_DATA_:
• • •

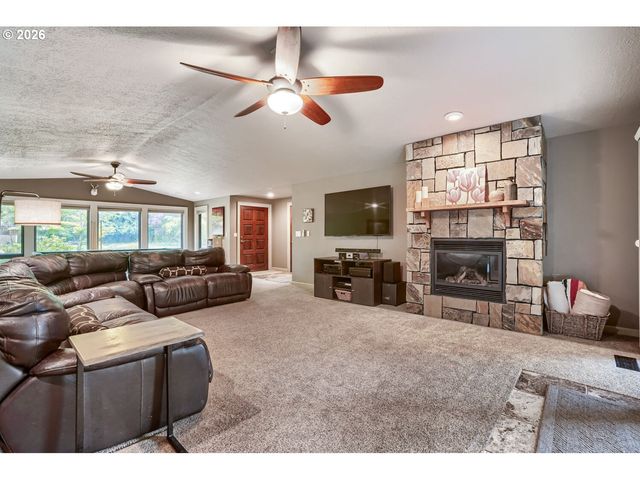 24217 Nw MEULLER Rd, Ridgefield, WA 98642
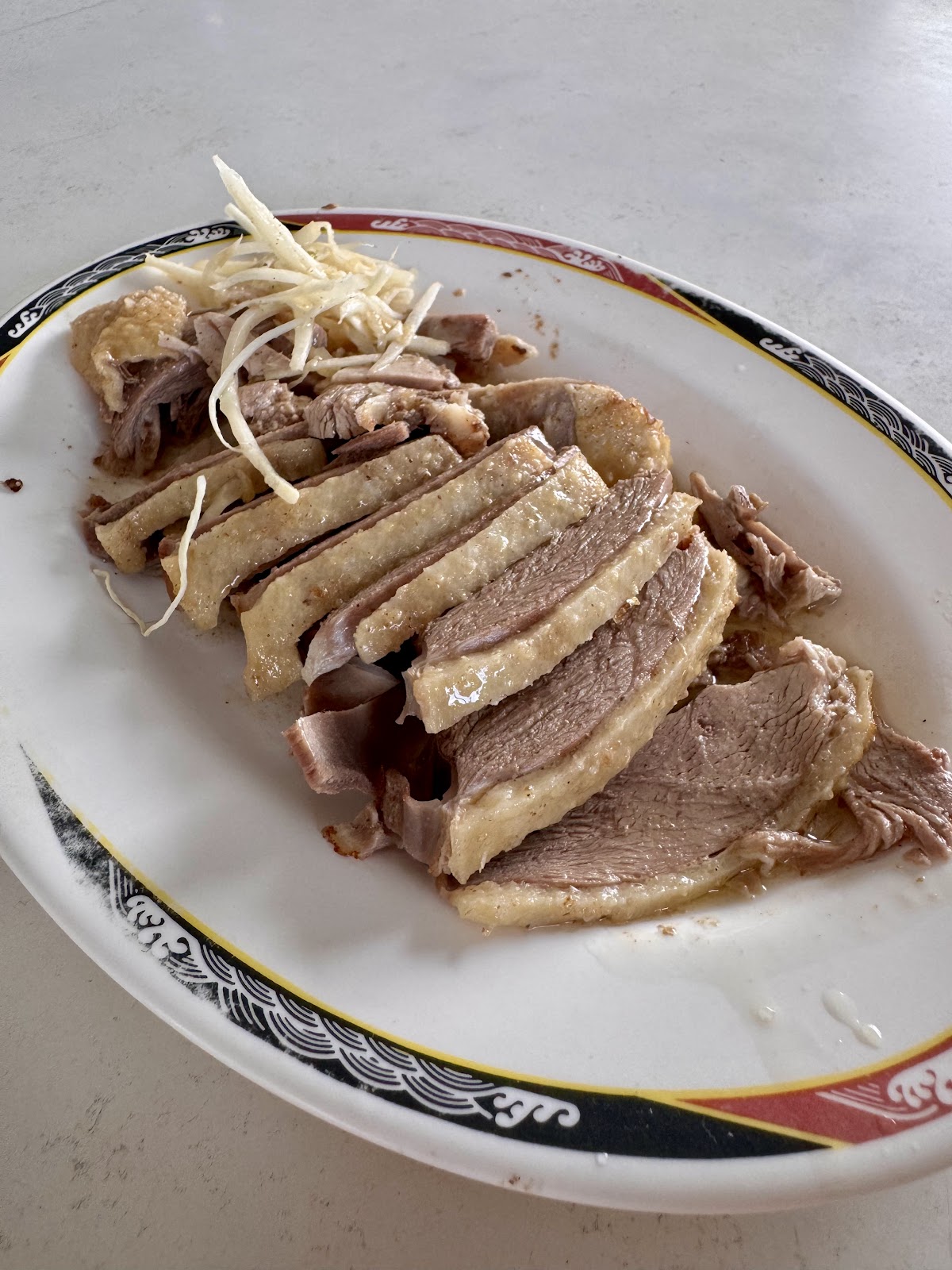 鵝媽媽胡椒鴨招牌切片鴨肉搭配薑絲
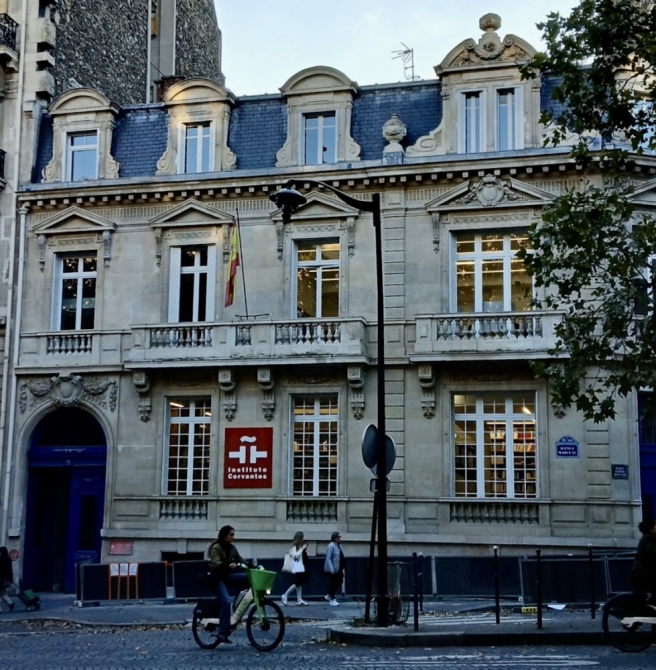 Fachada del Instituto Cervantes en París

• • •

_WORK REQUIRED_:
Leaving every picture aside, repeat the listing exactly.

_WRITTEN RESPONSE_:
 24217 Nw MEULLER Rd, Ridgefield, WA 98642
 鵝媽媽胡椒鴨招牌切片鴨肉搭配薑絲
 Fachada del Instituto Cervantes en París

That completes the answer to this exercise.